On the 30th of the same month of September, 1791, the Constituent Assembly held its last sitting; the unwise decree of the 17th of the preceding May, which rendered the retiring members ineligible for the subsequent Assembly, begot the Convention. Nothing can be more dangerous, more unsuitable, or more inapplicable to public affairs, than resolutions directed against individuals or bodies, even when these resolutions are themselves honourable.

The decree of the 29th of September, for the regulation of popular assemblies, only served to render them more violent. This was the last act of the Constituent Assembly; it separated on the next day, and left to France a Revolution.

THE LEGISLATIVE ASSEMBLY-CLUBS.

THE Legislative Assembly, which was installed on the 1st of October, 1791, was carried along by the whirlwind which was about to sweep away the living and the dead. Popular commotions led to shedding of blood in the departments; at Caen the people were gorged with massacre, and devoured the heart of M. de Belzunce.
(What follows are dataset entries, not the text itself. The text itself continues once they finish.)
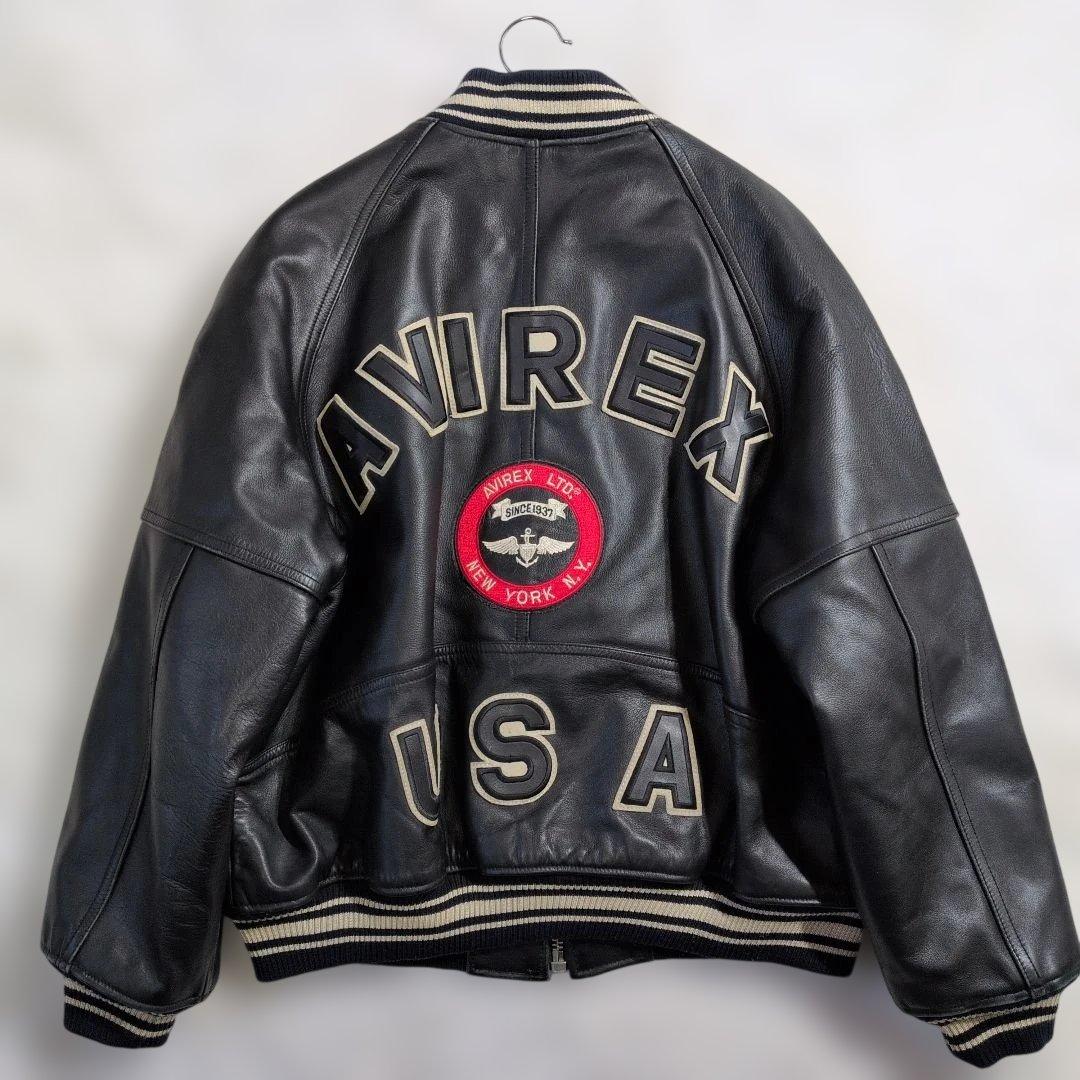 アヴィレックス レザー スタジャン S表記(M〜L相当) キルティング 超良品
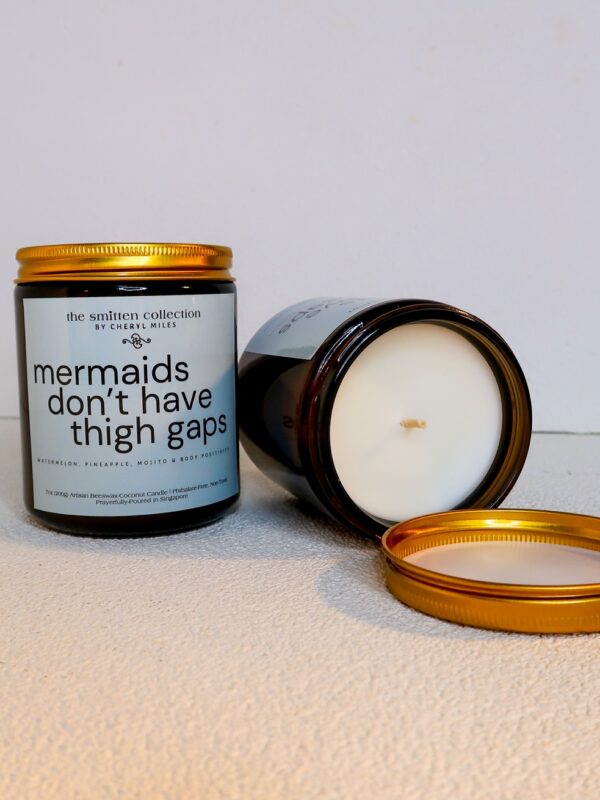 "Mermaids Don't Have Thigh Gaps"- Watermelon, Pineapple, Mojito & Body Positivity | Artisan Beeswax-Coconut Candle, 8oz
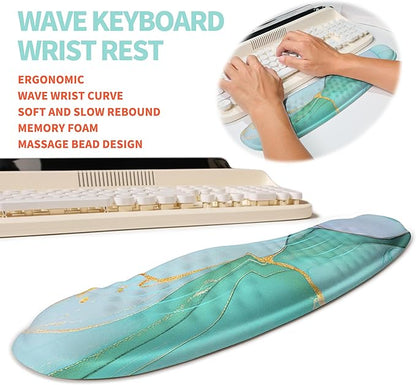 2-in-1 Ergonomic Set, Wave Rise Keyboard Wrist Rest and Massage Bulge Slope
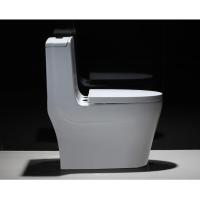 家用大口径防溅防臭卫生间节水户型抽水坐便器马桶白色雪花釉脲醛盖板(017)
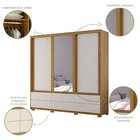 Guarda Roupas Casal 3 Portas De Correr 1 Espelho 6 Gavetas Co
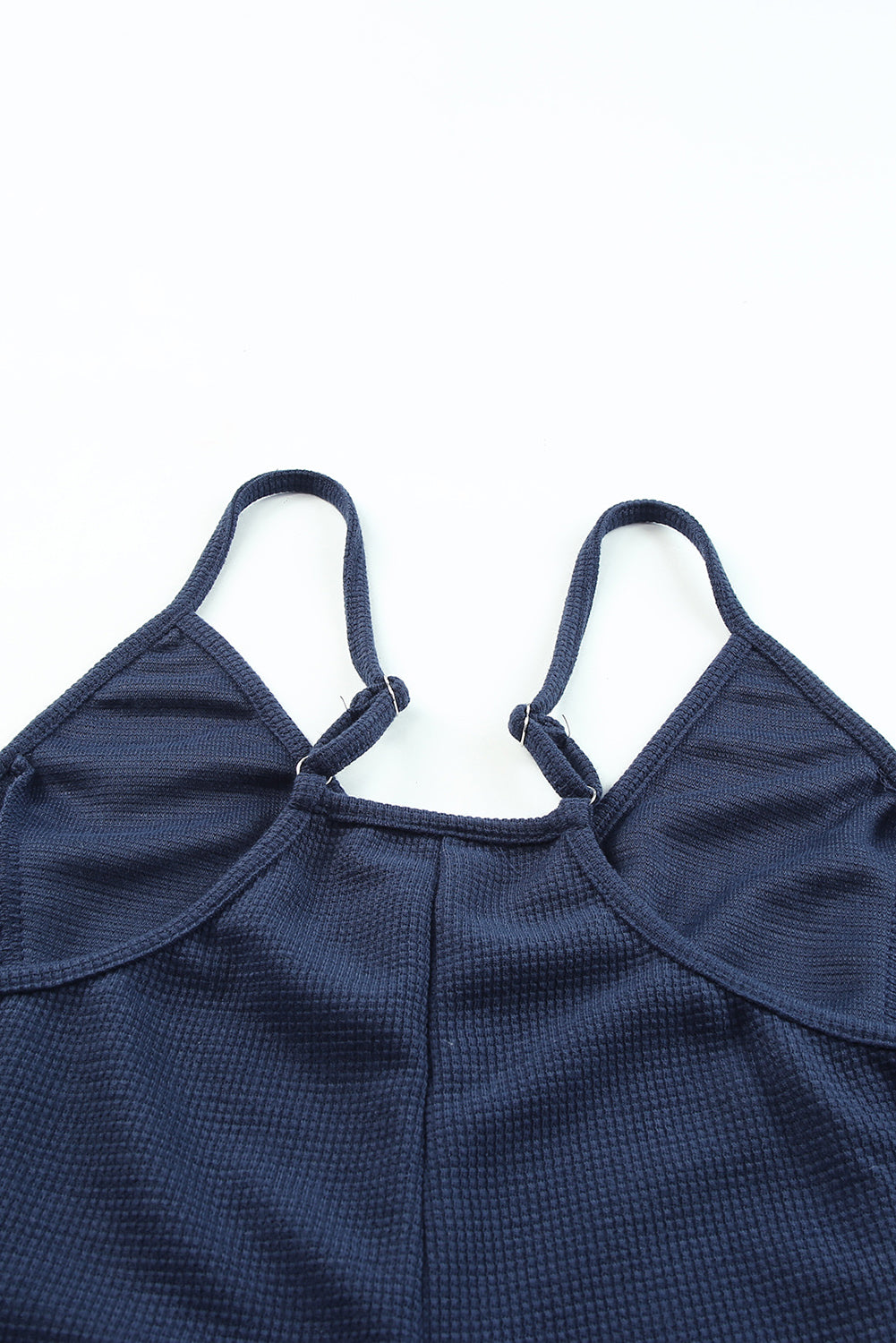 Blue Casual Textured Sleeveless V-Neck Pocketed Jumpsuit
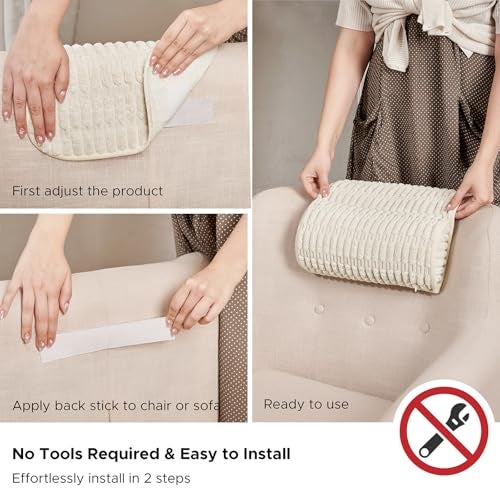WdFour Headrest Memory Pillow, Support Cushions for Neck, Back or Leg for Sofas, Recliners, Office Chairs, Massage Chairs for Neck Pain Relief and Cervical Support. (Cream, 13" Wx5.5 Hx3 D, 1PC) - Image 3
The decree against the émigrés, and that against the nonjuring clergy, which deprived them of all rights, were vetoed by the king. These legal acts increased the agitation. Pétion had become Mayor of Paris. On the 1st of January, 1792, the deputies passed a decree for the trial of the emigrated princes; and on the 2nd they resolved, that this same 1st of January was to be reckoned as the first day of the year of Liberty IV. About the 13th of February, the red caps made their appearance in the streets of Paris, and the municipality caused

pikes to be fabricated. The manifesto of the émigrés was issued on the 1st of March. Austria had recourse to arms. Paris was divided into sections more or less hostile to one another. On the 20th of March, 1792, the Legislative Assembly adopted that sepulchral machine without which the judgments of the reign of terror could not have been carried into effect; the instrument was first tried upon dead bodies, in order to learn from them the execution of its work. This machine may indeed be spoken of as an executioner, since persons, delighted with its valuable services, dedicated sums of money for its support, as testimonies of their respect. The invention of such a murderous instrument at the very moment in which its services became so necessary to crime, is a memorable proof of the mode in which events are co-ordinate to one another, or rather a proof of those hidden means employed by Providence, when the whole face of empires is destined to be changed.

At the instigation of the Girondins, Roland was called to be minister and member of the king's council. On the 20th of April, war was declared against the King of Hungary and Bohemia. Marat published the Ami du Peuple, in spite of the decree specially directed against him. The royal German regiment and that of Berchini deserted. Isnard was busy speaking about the treachery of the court, while Gensonné and Brissot denounced the Austrian Committee. An insurrection broke out in reference to the royal guard, which was disbanded. On the 28th of May, the Assembly declared its sittings permanent. The palace of the Tuileries was forced by the masses of the faubourgs St. Antoine and Marceau on the 20th of June, on pretext of Louis XVI.'s refusal to sanction the proscription of the priests; the king's life was exposed to peril. The country was declared to be in danger. M. de Lafayette was burned in effigy. The confederates of the second federation were arriving; the Marseillais, on the invitation of Danton, were on their march; they entered Paris on the 30th of July, and were lodged by Pétion in the convent of the Cordeliers.